The bill, the unions said, repeals all the provisions of existing legislation that obliges hotels to employ a sufficient number of employees in all specialities and regulates their employment terms. It also introduces a new provision which allows the rental or sublease of restaurants and bars of hotels to third parties.
The leaders of the SEK and PEO trade unions, who took part in the protest march from the finance ministry to the House, said the bill effectively deregulates the labour market in the sector and jeopardises upcoming discussions on the new collective agreement for the industry.
The two unions did not rule out more dynamic measures if the bill was not withdrawn.

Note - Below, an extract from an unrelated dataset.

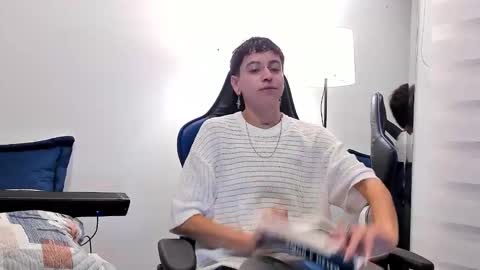 Snapshot of alex_poett chatting on 02.26.25 Residente0xxx online show from 02.26.25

Protesters gathered at around 11am at the finance ministry holding banners demanding their current collective agreement be honoured, ‘no to outsourcing laws for hotels’ and ‘golden hoteliers throw workers out on the streets’.
Hoteliers have seen record levels of visitors over the past three years due to the tourism boom.
According to PEO chief Pambis Kyritsis, current collective agreement are not being respected by hoteliers “and there are no industrial relations in a rapidly-growing sector of the economy”.
“Then the government comes with a bill, which provides for further deregulation,” Kyritsis said, adding that the bill would entitle hoteliers to sublet sections of their premises. This would mean they did not have to comply with the regulations currently in force, in term of staff rights, or the hoteliers’ obligation to be accountable for what is happening in their hotels. “This will result in increased unregulated work, and will result in even greater problems for hotel guests,” he said.
SEK’s general-secretary Andreas Matsas warned: “If policies are promoted that contribute to further deregulation of the labour market and call into question the importance and role of workers, this will affect the collective bargaining process and contribute to the breakdown of industrial peace.”
Matsas said that already in the sector, the undeclared work rate is over 20 per cent, and wages were below the hourly average in Cyprus.
Earlier this month, the statistical service released figures showing that hourly labour costs were lowest in hotel and catering services at €7.50. The hotel and catering sector was at the bottom of the list, with an average yearly cost of €15,711 per employee.
One woman at the protest told CNA she had been working in a hotel for 16 years and was earning only €800 a month. “Can they [hoteliers] live on €800? Let them try it for at least a month.”
According to the resolution delivered by unions to the government during Tuesday’s protest, the proposed changes under the new bill are superseded by the current law, which provides that every hotel according to its category is obliged to employ a sufficient number of staff, suitably trained in all specialties to offer quality services. It also includes provisions on the employment of staff.
The unions are calling for a dialogue. If this is not forthcoming, they warned that they would react more forcefully. They asked the labour ministry to intervene during their visit to the various government departments on Tuesday.